News that the poverty rate remained at 12.6 percent last year, statistically unchanged from the year before, has set off a predictable round of calls for increased government spending on social welfare programs. From the New York Times to the Democratic Leadership, we hear familiar complaints about how George W. Bush and congressional Republicans have “slashed” anti‐poverty programs.
Yet, last year, the federal government spent more than $477 billion on some 50 different programs to fight poverty. That amounts to $12,892 for every poor man, woman, and child in this country. And it does not even begin to count welfare spending by state and local governments. For all the talk about Republican budget cuts, spending on these social programs has increased an inflation‐adjusted 22 percent since President Bush took office.
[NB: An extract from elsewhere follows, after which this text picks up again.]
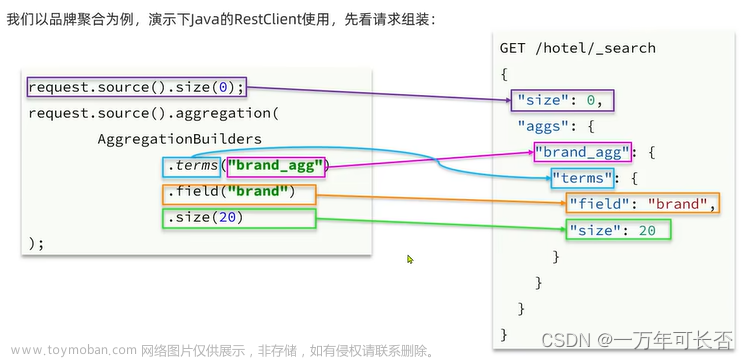 微服务技术栈SpringCloud+RabbitMQ+Docker+Redis+搜索+分布式（五）：分布式搜索 ES-下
Despite this government largesse, 37 million Americans continue to live in poverty. In fact, despite nearly $9 trillion in total welfare spending since Lyndon Johnson declared War on Poverty in 1964, the poverty rate is perilously close to where it was when we began, more than 40 years ago.
Clearly we are doing something wrong. Throwing money at the problem has neither reduced poverty nor made the poor self‐sufficient. But government welfare programs have torn at the social fabric of the country and been a significant factor in increasing out‐of‐wedlock births with all of their attendant problems. They have weakened the work ethic and contributed to rising crime rates. Most tragically of all, the pathologies they engender have been passed on from parent to child, from generation to generation.
Welfare reform was supposed to fix all that. And, indeed, it has had some positive effects. Welfare rolls are down. Since 1996, roughly 2.5 million families have left the program, a 57 percent decline. Critics predicted that welfare reform would throw millions into greater poverty. Instead, it led to modest reductions in poverty, particularly for children, black children, and single‐mother households. Most of those who left welfare found work, and of them, the vast majority work full‐time. As you would expect, studies show that as former welfare recipients gain work experience, their earnings and benefits increase.
But whatever successes welfare reform has brought, more can be done. And if we have learned anything by now, it is that there are limits to what government programs—even reformed ones—can do to address the root causes of poverty.
Observers have known for a long time that the surest ways to stay out of poverty are to finish school; not get pregnant outside marriage; and get a job, any job, and stick with it. That means that if we wish to fight poverty, we must end those government policies—high taxes and regulatory excess—that inhibit growth and job creation. We must protect capital investment and give people the opportunity to start new businesses. We must reform our failed government school system to encourage competition and choice. We must encourage the poor to save and invest.
More importantly, the real work of fighting poverty must come not from the government, but from the engines of civil society. An enormous amount of evidence and experience shows that private charities are far more effective than government welfare programs. While welfare provides incentives for counterproductive behavior, private charities can use their aid to encourage self‐sufficiency, self‐improvement, and independence. Private charities can individualize their approaches and target the specific problems that are holding people in poverty.